Summer Stories: ‘Rumblings’ by Beth Piatote

By Beth Piatote For The Spokesman-Review

If it weren’t for my daughter’s fever, I might never have talked to Susanna.

But we live in a world of rules, and the rule at preschool was no preschool if your kid has a fever. And that’s where it started, this strange set of events: my wife, wrapped in her ruby robe, holding our daughter on her lap and handing me the thermometer. It was a Tuesday. I rinsed the thermometer and fetched the children’s Tylenol. I held the baby and pressed a cold cloth to her flushed cheeks while my wife got dressed and poured herself a cup of coffee. She called in at work. Then, because the baby was sick and my wife would stay home, I didn’t have to stop at the preschool on the way to the archive, which is how I got there early.

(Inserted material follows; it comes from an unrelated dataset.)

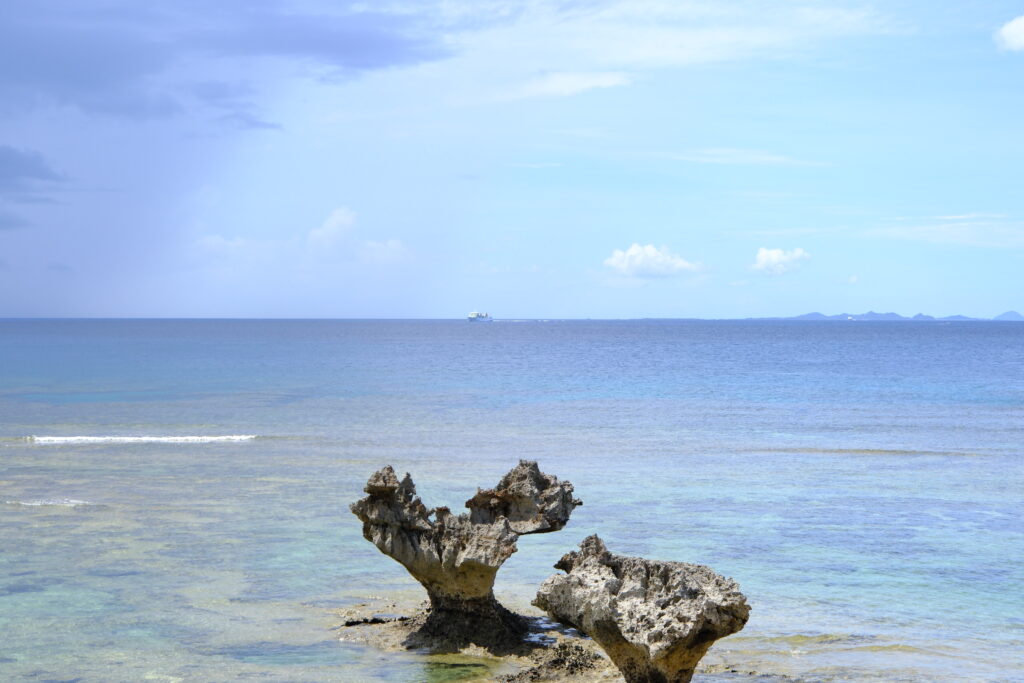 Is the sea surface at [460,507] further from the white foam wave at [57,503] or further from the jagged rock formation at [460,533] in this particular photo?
the jagged rock formation at [460,533]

And because I was early, I talked to Susanna.

Susanna was neither a friend nor a stranger. We shared the intimacy of a long wooden table. For weeks, we had sat side-by-side, never speaking. It was a relationship of warm indifference. She never looked up when I arrived late, yet I felt her company every day. I only knew her name from the register and from hearing the archivist call her to retrieve paged items.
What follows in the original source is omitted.